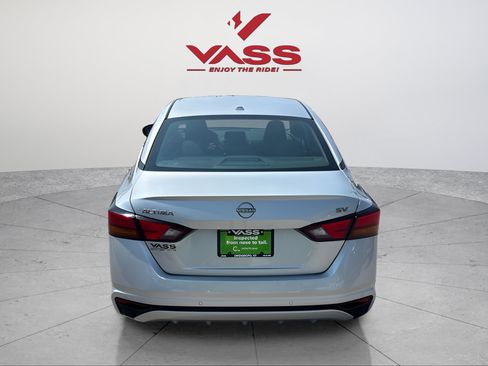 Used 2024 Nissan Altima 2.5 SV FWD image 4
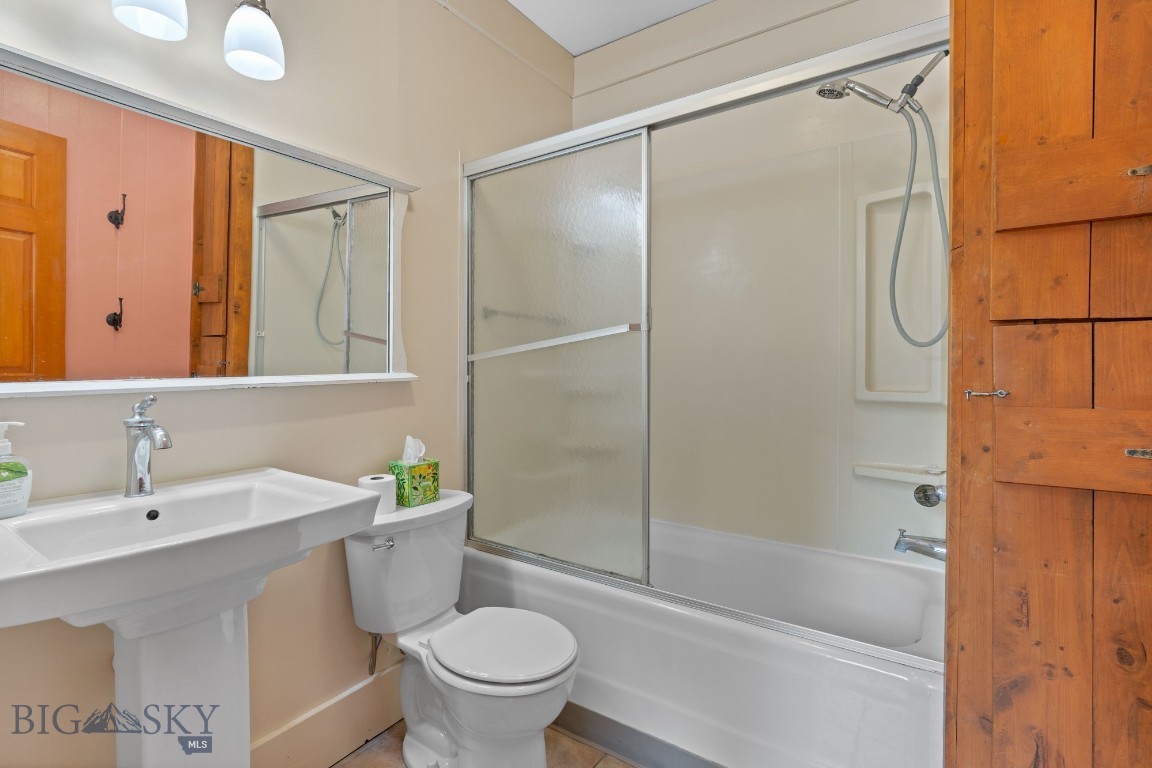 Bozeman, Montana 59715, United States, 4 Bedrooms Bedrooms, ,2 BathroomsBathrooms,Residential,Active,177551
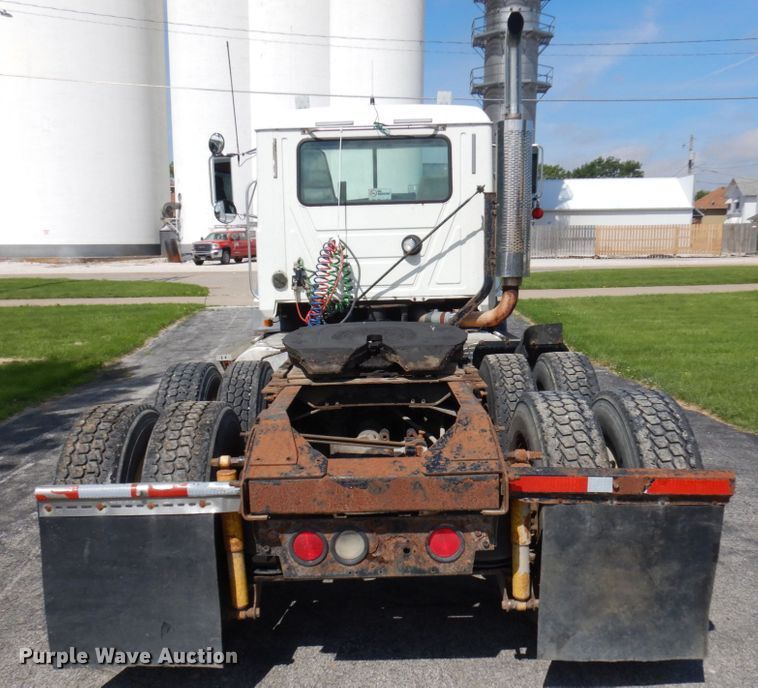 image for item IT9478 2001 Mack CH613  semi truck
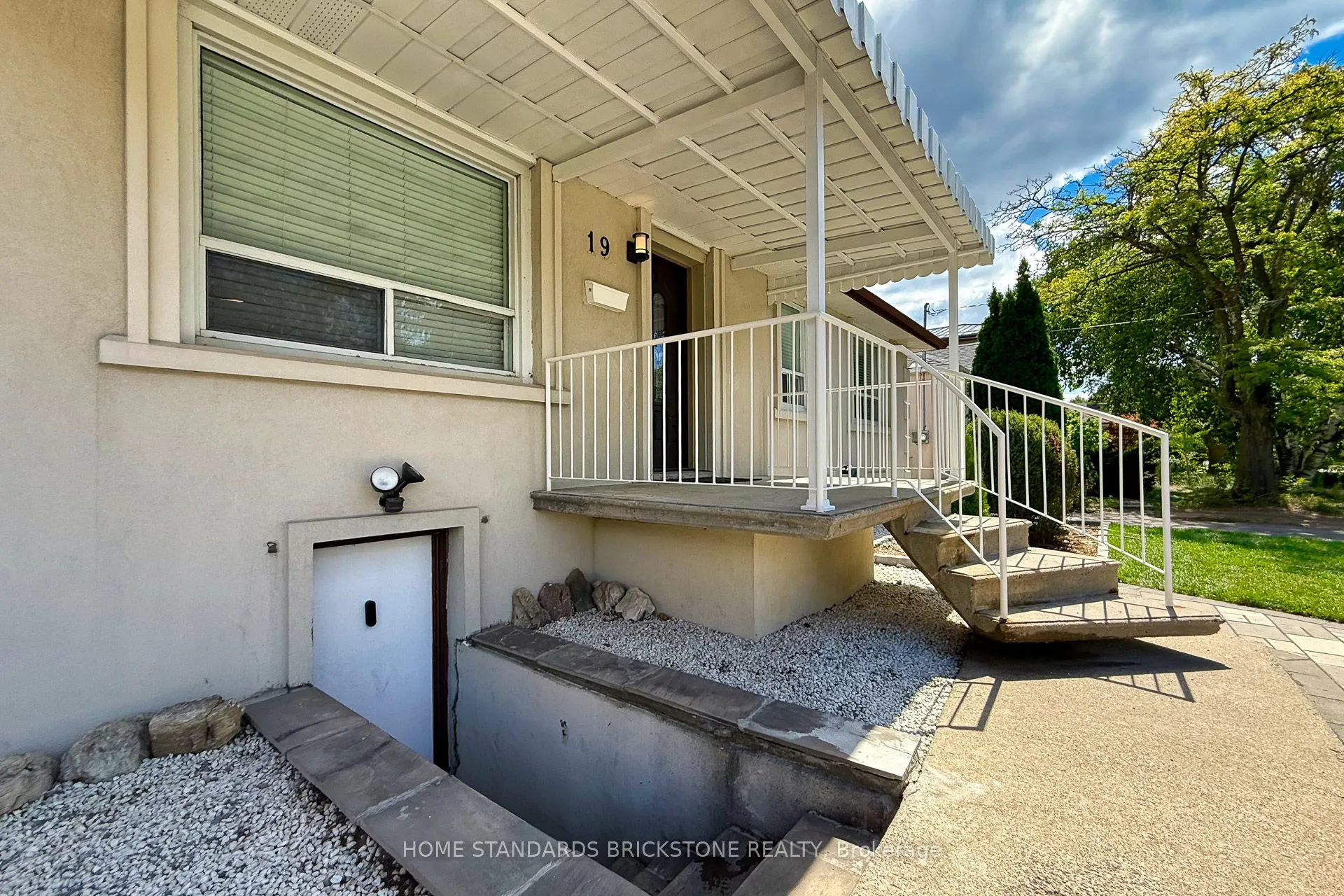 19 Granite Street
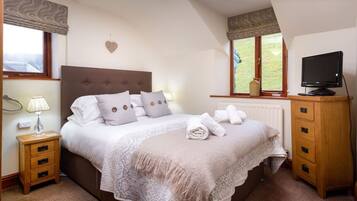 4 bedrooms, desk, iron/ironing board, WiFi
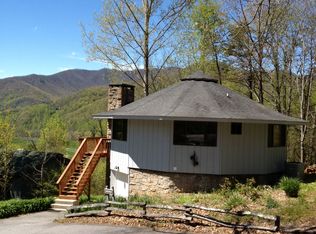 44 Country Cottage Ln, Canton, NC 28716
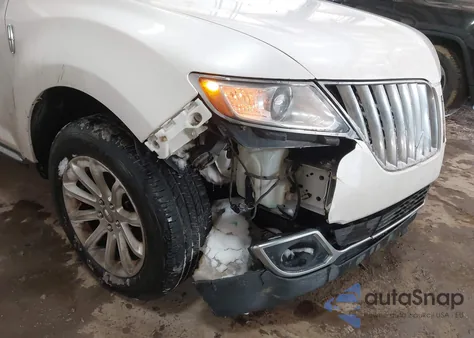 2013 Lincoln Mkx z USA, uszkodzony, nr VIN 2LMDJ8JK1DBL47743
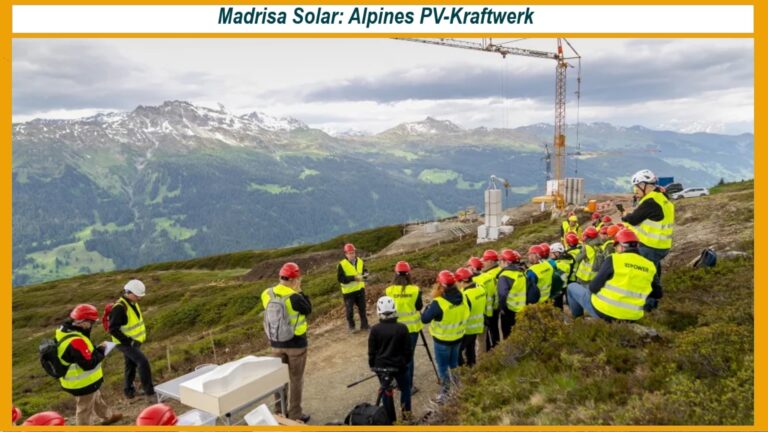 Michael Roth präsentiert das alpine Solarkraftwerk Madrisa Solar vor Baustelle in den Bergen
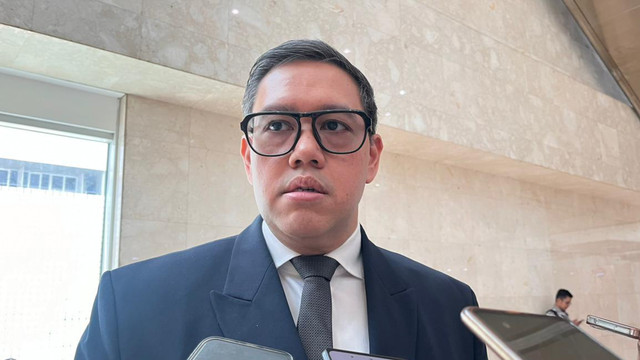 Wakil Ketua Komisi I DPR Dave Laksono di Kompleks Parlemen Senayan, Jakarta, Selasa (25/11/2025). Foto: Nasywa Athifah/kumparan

- - - - -

Pictures are skipped here. Print exactly, and only, the lines from the one holding "Michael Roth präsentiert" through the final line of the material above, both ends included.

RESPONSE:
 Michael Roth präsentiert das alpine Solarkraftwerk Madrisa Solar vor Baustelle in den Bergen
 Wakil Ketua Komisi I DPR Dave Laksono di Kompleks Parlemen Senayan, Jakarta, Selasa (25/11/2025). Foto: Nasywa Athifah/kumparan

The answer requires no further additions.